**TASK OBJECTIVE**: The answer must consist solely of the lines from the line with "logandrive – webcam" to the final line of the data below, reproduced exactly, pictures omitted.

++++++++++

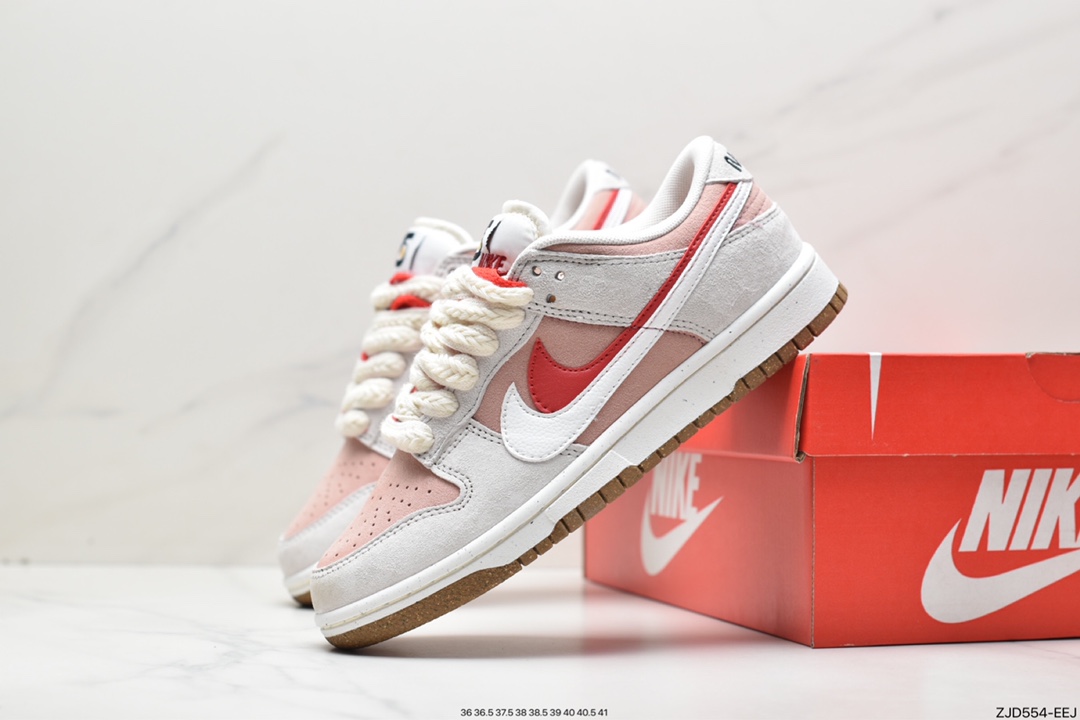 240 Dunk Low SE “85” 灰红双勾 正确低趴鞋头细节DO9457-100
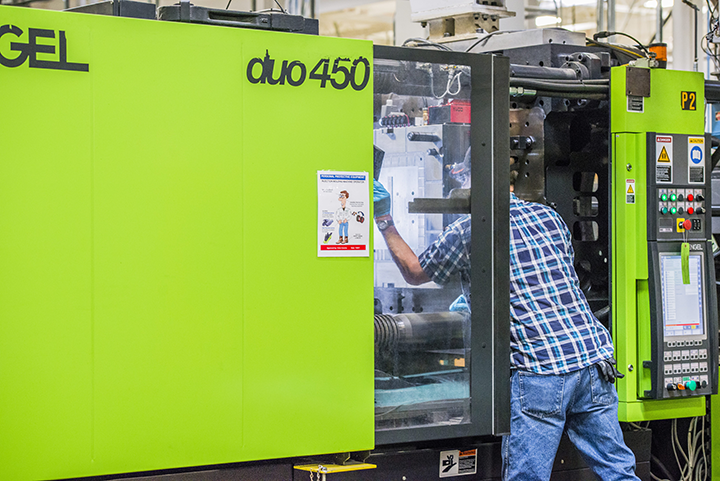 Overview photo of a plastic injection molding plant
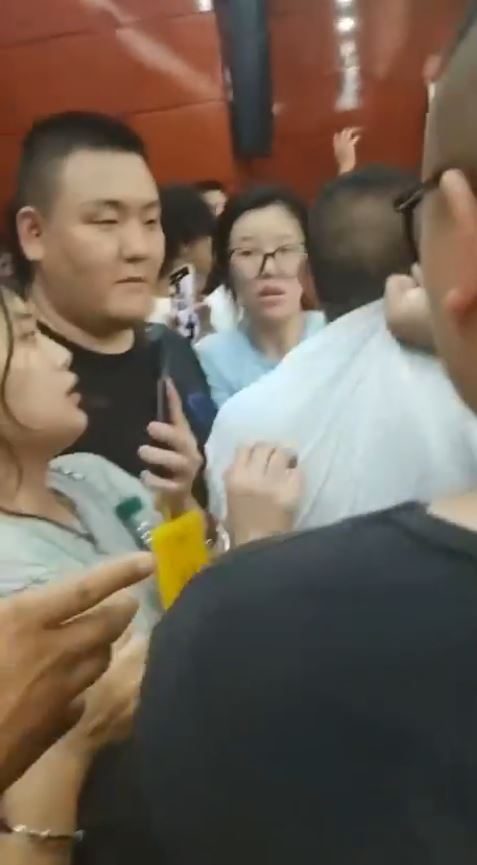 大批家長包圍公安局討要說法。Ｘ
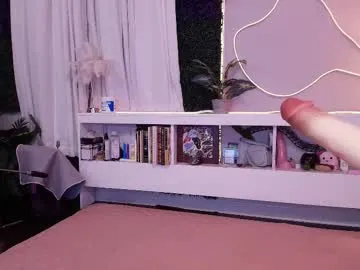 logandrive – webcam model profile photo Image 13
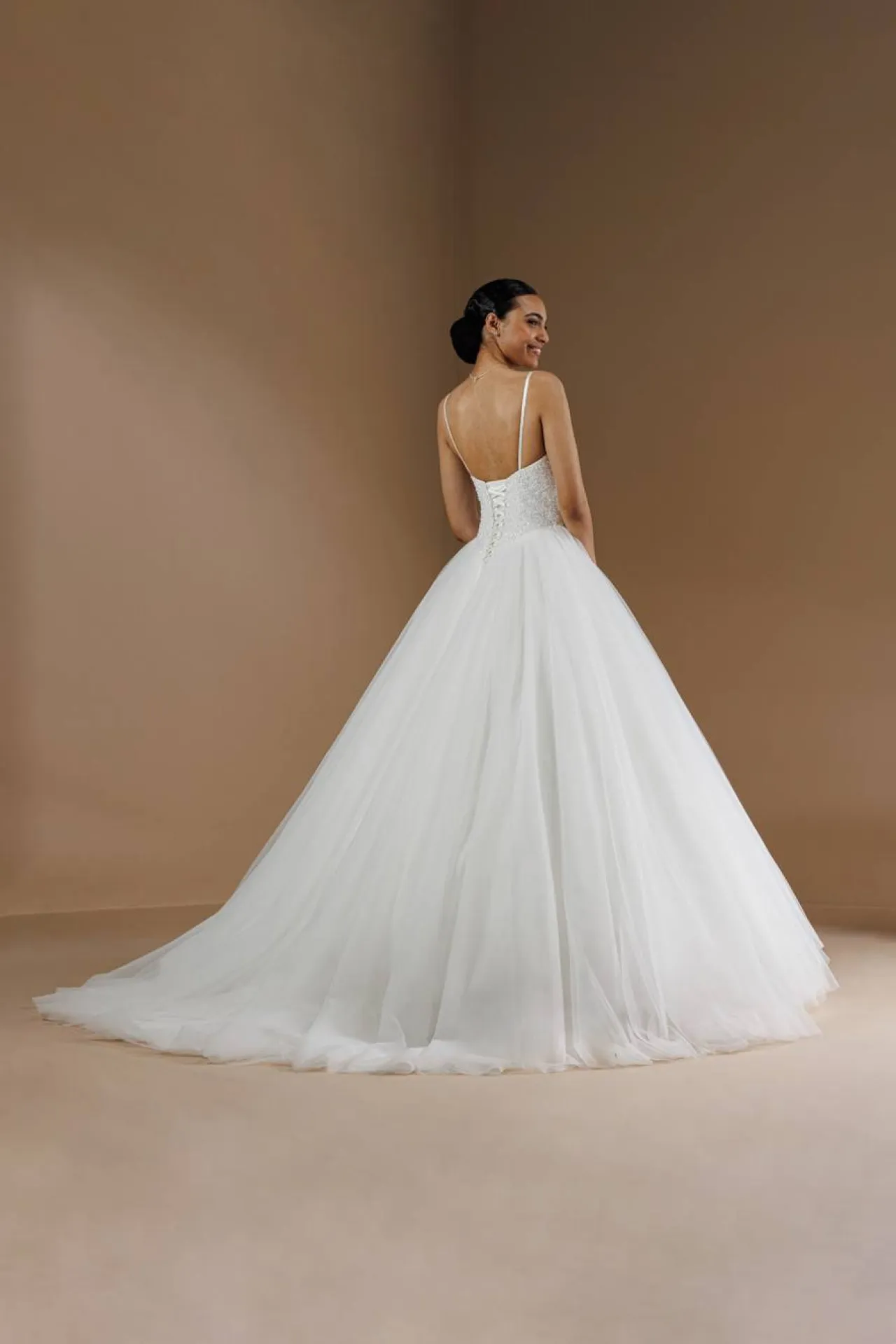 solution pour modifier votre robe de cérémonie de mariage sur toulon et hyères 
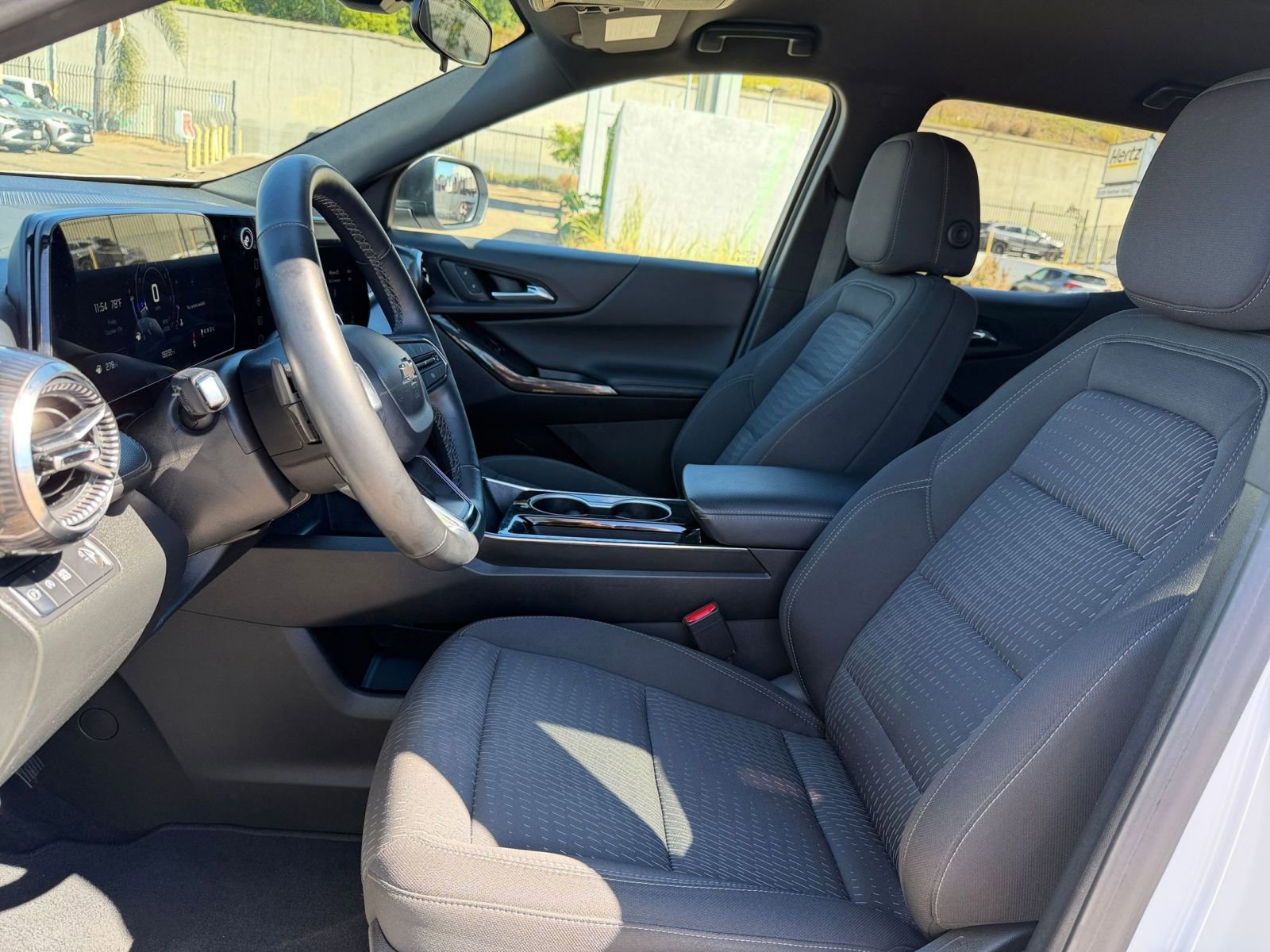 Used 2025 Chevrolet Equinox LT image 25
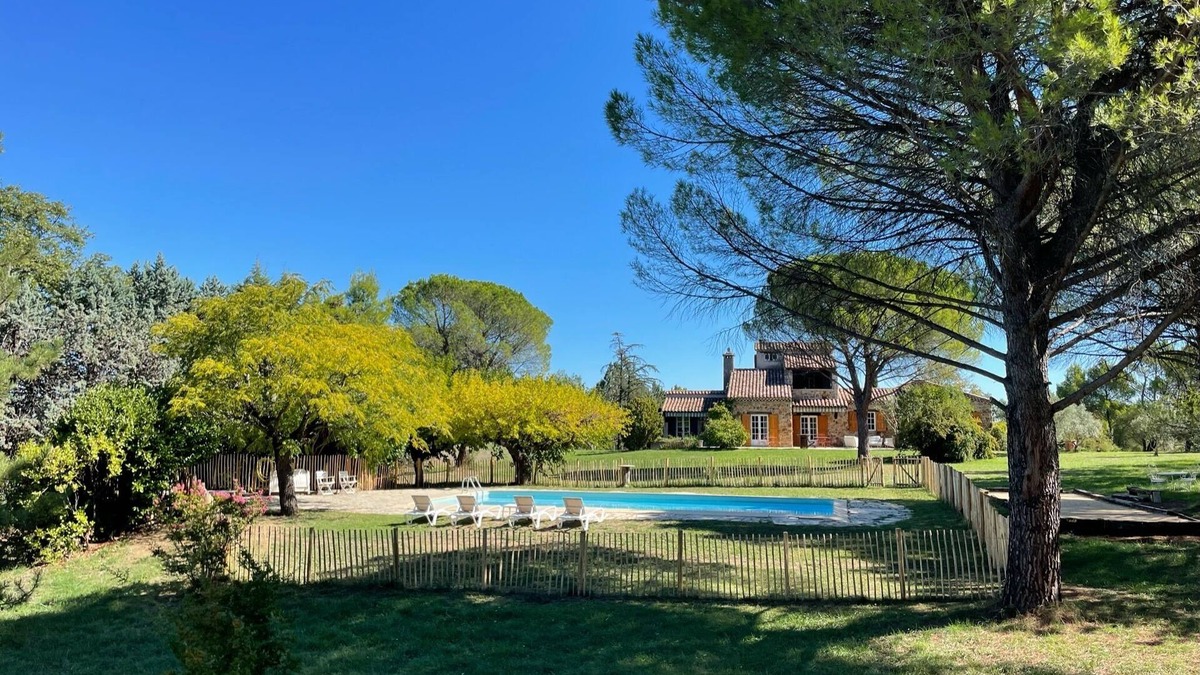 Saint-Hilaire-de-Brethmas Other | Mas Provençal in the heart of a private wooded park!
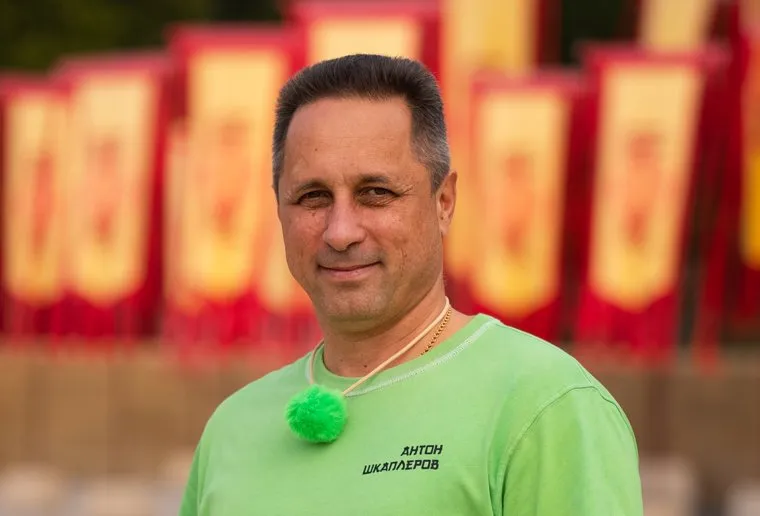 Шкаплеров снимался в фильме «Вызов» вместе с актрисой Юлией Пересильд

++++++++++

**ANSWER TO THIS PROBLEM**:
 logandrive – webcam model profile photo Image 13
 solution pour modifier votre robe de cérémonie de mariage sur toulon et hyères 
 Used 2025 Chevrolet Equinox LT image 25
 Saint-Hilaire-de-Brethmas Other | Mas Provençal in the heart of a private wooded park!
 Шкаплеров снимался в фильме «Вызов» вместе с актрисой Юлией Пересильд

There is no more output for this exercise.